RFR (M): 8074037: Refactor the G1GCPhaseTime logging to make it easier to add new phases
Bengt Rutisson
bengt.rutisson at oracle.com
Tue Mar 10 09:48:08 UTC 2015
Hi Erik,
Sorry for the late reply. I was on vacation for a couple of days.
On 2015-03-05 10:14, Erik Österlund wrote:
> Hi Kirk,
>
> Thank you for the feedback.
>
> I share your concern making small fixes at a time in general. However, as pointed out by Vitaly, this would not be an issue here. Because instead of picking a single universal time unit to be used everywhere (such as seconds) which would cause such problems, my approach is having a single unified time /type/, for which the time unit is a configurable parameter. The type knows the difference between units and can convert them (implicitly or explicitly as we prefer). Introducing such a time type is both backward compatible in logged output presented to external tools and internally in code.
>
> I think this approach is better than picking a single universal time unit, stored in "double" without further type information embedded. Because there is often a good reason why time units exist in the first place and not a single one is used. Whatever champion time unit is picked, is likely to be be awkward in some situations. :)
>
> Currently different units are passed around as primitive values ignorant of time units, instead annotated with a postfix in parameter/variable names implicitly annotating which time unit is used, and comments documenting which time unit is returned from functions. All I propose really is to strengthen the type for times to embed this knowledge explicitly and check these assumptions for us at compile time to reduce errors and improve readability/maintainability.
>
> If this is not relevant to the current change, I should perhaps make a new thread if anyone is interested in such a change? Don't want to clutter this thread too much. Thought I'd check if others drink my kind of tea first. :)

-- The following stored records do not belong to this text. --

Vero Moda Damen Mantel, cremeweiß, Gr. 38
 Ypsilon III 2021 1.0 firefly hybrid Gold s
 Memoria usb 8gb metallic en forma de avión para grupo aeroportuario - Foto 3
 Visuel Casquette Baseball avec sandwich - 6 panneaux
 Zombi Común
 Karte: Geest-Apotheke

I like the idea of having the type system help out with managing the
time units. However, as suggested by you and others, I think that should
be handled as a separate issue. Please file a bug for it - or let me
know if I should file the bug.
To get this email thread back on track - I'm still looking for reviews
for the latest webrev:
http://cr.openjdk.java.net/~brutisso/8074037/webrev.03/
Thanks,
Bengt
>
> Thanks,
> Erik
>
> On 05/03/15 01:26, Kirk Pepperdine wrote:
>> Hi Erik,
>>
>> In principle I agree that times should be unified. However I am concerned that we maintain backwards compatibility and only making changes to the current format if there is a compelling reason to do My reason for this is that making little piece mean changes here and there really complicates the downstream tool chain. If you were to make one big sweeping change that fixed this every where once and for all, I’d be happy to take the downstream hit. But doing this small bits at a time would be worse than fixing this particular “problem”.
>>
>> Kind regards,
>> Kirk Pepperdine
>>
>> On Mar 4, 2015, at 10:16 PM, Erik Österlund <erik.osterlund at lnu.se> wrote:
>>
>>> Hi Bengt,
>>>
>>> I see there are changes concerning time units and conversions, milliseconds vs seconds. This has bugged me too so thought I'd just add my opinion in this matter.
>>>
>>> Whenever dealing with a logical units such as time (seconds, milliseconds, etc) or size (words, bytes) that are mixed all over the place (sometimes for good reasons), I find it less error prone to let the type system help out automatically by annotating the types with their logical unit. As motivation, in this review there have been some human errors regarding time units, and this easily happens when conversions are manually performed.
>>>
>>> So personally I would have defined a Time type, letting time have both a physical type (e.g. double, float) AND a logical unit annotation (e.g. seconds, milliseconds) looking something like this:
>>>
>>> enum TimeUnit {
>>> nanoseconds = 1000000000,
>>> microseconds = 1000000,
>>> milliseconds = 1000,
>>> seconds = 1
>>> };
>>>
>>> template <TimeUnit T, typename S>
>>> class Time {
>>> S _quantity;
>>>
>>> static inline S convert(const S quantity, TimeUnit from, TimeUnit to) {
>>> if (from == to) {
>>> return quantity;
>>> } else {
>>> return quantity * S(to) / S(from);
>>> }
>>> }
>>> public:
>>> Time(S quantity) : _quantity(quantity) {}
>>> template <TimeUnit U, typename V>
>>> Time(Time<U, V> other) : _quantity(convert(other.value(), U, T)) {}
>>> template <TimeUnit U>
>>> Time<U, S> operator =(Time<U, S> other) { _quantity = convert(other.value(), U, T); }
>>>
>>> S value() const { return _quantity; }
>>> operator S() const { return value(); }
>>> Time<T, S> operator +(Time<T, S> other) const { return value() + other.value(); }
>>> Time<T, S> operator -(Time<T, S> other) const { return value() - other.value(); }
>>> };
>>>
>>> ...and then with some convenient type aliases:
>>>
>>> typedef Time<seconds, double> time_default_t;
>>> typedef Time<seconds, double> time_secs_t;
>>> typedef Time<milliseconds, double> time_millis_t;
>>> typedef Time<microseconds, double> time_micros_t;
>>> typedef Time<microseconds, double> time_nanos_t;
>>>
>>> ...you could do stuff like this:
>>>
>>> time_millis_t time_ms = 100.0; // value is 100.0
>>> double time_prim_ms = time_ms; // value is 100.0
>>> Time<seconds, float> time_secs = time_ms; // value is 0.1f; automatically converts [milliseconds, double] to [seconds, float]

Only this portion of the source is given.